Felix Braun (4 November 1885, Vienna – 29 November 1973, Klosterneuburg, Lower Austria) was an Austrian writer.

Life
Braun was born in Vienna, then capital of the Austro-Hungarian Empire, to a Jewish family. His mother died in 1888 during the birth of his sister, Käthe, who would also become a famous writer.  In 1904, he enrolled in German studies, as well as art history, at the University of Vienna, and took his doctorate four years later.  His literary publications began to appear in 1905 in the Neue Freie Presse, the Österreichische Rundschau, and in Die neue Rundschau.  He was appointed arts editor of the Berliner National-Zeitung in 1910.

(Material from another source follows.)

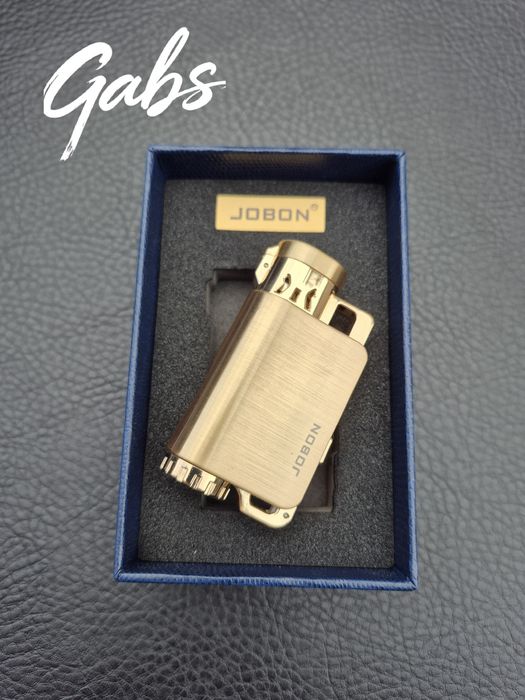 Запалка за пури JOBON в подаръчна кутия,три цвята L-0304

In 1912, Braun married Hedwig Freund, but the couple would divorce in 1915.  While working as an editor at Verlag Georg Müller in Munich, he made the acquaintance of a number of important writers, among whom were Hans Carossa, Thomas Mann, and Rainer Maria Rilke.  From 1928 to 1938, he was a Privatdozent in German literature at Palermo and Padua.  He converted from Judaism to Catholicism in 1935.  To escape persecution by the Nazis, who banned his work, he immigrated in 1939 to the United Kingdom and remained there until 1951, teaching literature and art history.  After returning to Austria, Braun lectured at the Max Reinhardt Seminar and the University of Applied Arts Vienna.  Braun died in 1973 and was honored with a burial in the Zentralfriedhof of Vienna. In 1977, a lane in Vienna was named after him.

Writing
At the beginning of the 20th century, Braun belonged to the movement known as Young Vienna, where he found the company of such innovative writers as Stefan Zweig, Anton Wildgans, and Max Brod.  Braun was a Neo-Romantic, who wrote refined, cultivated poetry in multiple forms.  His work centered around the themes of religion, classical antiquity, and his Austrian homeland. Braun also served as secretary to the great Austrian writer Hugo von Hofmannsthal and formed a close friendship with his employer.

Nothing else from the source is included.